We do not intend to place a limitation on the amount of duties related to a tip-producing occupation that may be performed, so long as they are performed contemporaneously with direct customer-service duties and all other requirements of the [Fair Labor Standards] Act are met.

It further provides guiding principles to determine whether a duty is part of a tipped occupation:

  1. Check the DOL’s Occupational Information Network (O*NET) or 29 C.F.R. § 531.56(e) to determine whether the duties are listed as core or supplemental to the tip-producing occupation. Those core or supplemental duties are considered directly related to the tip-producing duties and no limitation is placed on the amount of those duties that may be performed, whether or not they involve directly customer service (so long as they are “performed contemporaneously with the duties involving direct service to customers or for a reasonable time immediately before or after performing direct-service duties”).
  2. Do not take a tip credit for time spent performing any tasks not contained in the O*NET task list. The DOL, however, does note that tasks not listed on the O*NET task list and which are considered de minimis[10] are excluded from this guidance.

What the “Near Future” May Hold

With the 20 percent hard limit erased, employers have more leeway establishing that an occupation is one in which an employee is “customarily and regularly” tipped.  At the very least, an exacting calculation of every minute devoted to every task will not be required. That said, the “tip credit” rule has always given restaurants just enough rope to expose them to lawsuits. Restaurants should remain vigilant in recording work time, administering tip pools, applying the tip credit, and calculating all wages and overtime owed.

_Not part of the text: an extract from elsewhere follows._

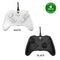 Snakebyte GamePad Base X Precision Wired Controller for Xbox/ Xbox S|X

Bradford Harvey is a member of Miller & Martin at its Chattanooga office. Brad received his J.D., Order of the Coif, from Vanderbilt University School of Law in 1995. He concentrates his practice in labor and employment law and class and collective action defense. Brad may be reached at 423-785-8210 or

Megan Welton is an associate of Miller & Martin at its Chattanooga office. She focuses her area of practice on Labor & Employment law. Megan received her J.D. from University of Memphis Cecil C. Humphreys School of Law in 2015. She may be reached at 423-785-4326 or

[1] But see  While the 90% figure may be myth, feeding people still has to rank up there with plowing snow in Florida and practicing law among the more difficult ways to make a living.

[2] 29 C.F.R. § 203(m).

[3] If the employee’s combined tips and $2.13 hourly wage do not reach $7.25, then the employer must increase the cash wage to make up the difference. 

[4] See29 C.F.R. § 531.56.

[5] Id.

[6] See, e.g., 29 C.F.R. § 541.700(a) (“To quality for exemption under this part, an employee’s ‘primary duty’ must be the performance of exempt work.”); 29 C.F.R. § 541.106.

[7] Auer v. Robbins, 519 U.S. 452 (1997) (where an agency interprets its own regulation, even if through an informal process, its interpretation of an ambiguous regulation is controlling unless “plainly erroneous or inconsistent with the regulation”).

[8] Marsh v. J. Alexander’s LLC, 905 F.3d 610, 641 (9th Cir. 2018) (Ikuta, J., dissenting).

[9] Much like an all-you-care-to-eat Brazilian steakhouse.

[10] See29 C.F.R. § 785.47 (“In recording working time under the Act, insubstantial or insignificant periods of time beyond the scheduled working hours, which cannot as a practical administrative matter be precisely recorded for payroll purposes, may be disregarded. The courts have held that such trifles are de minimis.”).